• Task objective: What you give back should be exactly the lines from the one with "Zahnen von LiuXaofei" through the end of the data, without the pictures.

• Available data:
+---+

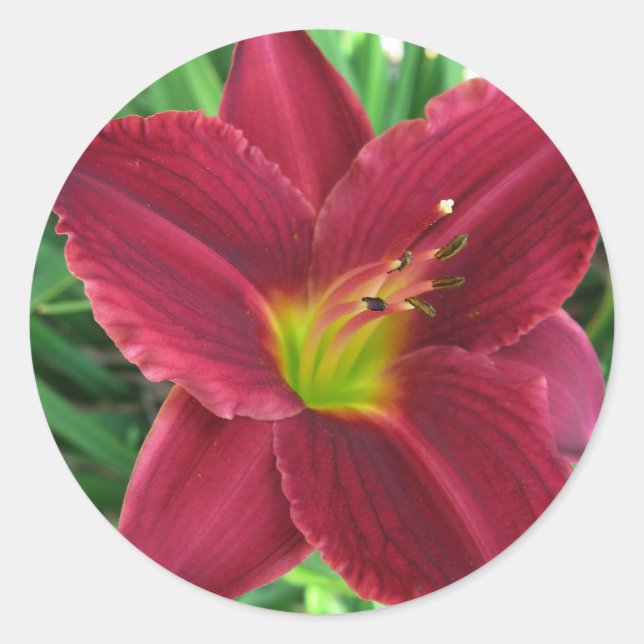 Redonda Pegatina rojo de rubíes del Daylily (Anverso)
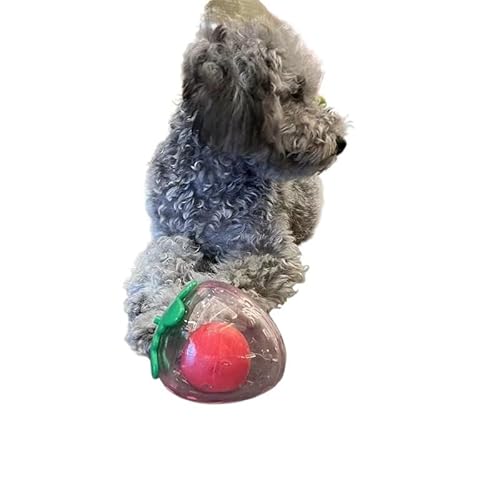 LiuXaofei Interaktives Hundespielzeug, Haustier-Welpen-Sound, Süßes Erdbeer-Kauspielzeug for Hunde, Bissfest, Langlebig, Quietschend, Kauspielzeug for Hunde for Zahnen LiuXaofei Interaktives Hundespielzeug, Haustier-Welpen-Sound, Süßes Erdbeer-Kauspielzeug for Hunde, Bissfest, Langlebig, Quietschend, Kauspielzeug for Hunde for Zahnen von LiuXaofei
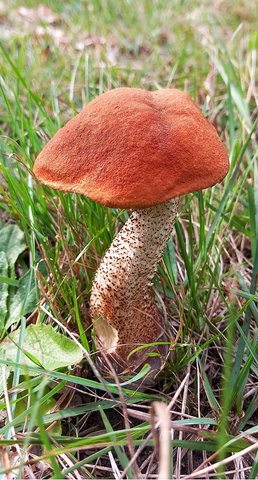 Themacafé: Het geheime leven van paddestoelen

+---+

• Written solution:
 LiuXaofei Interaktives Hundespielzeug, Haustier-Welpen-Sound, Süßes Erdbeer-Kauspielzeug for Hunde, Bissfest, Langlebig, Quietschend, Kauspielzeug for Hunde for Zahnen LiuXaofei Interaktives Hundespielzeug, Haustier-Welpen-Sound, Süßes Erdbeer-Kauspielzeug for Hunde, Bissfest, Langlebig, Quietschend, Kauspielzeug for Hunde for Zahnen von LiuXaofei
 Themacafé: Het geheime leven van paddestoelen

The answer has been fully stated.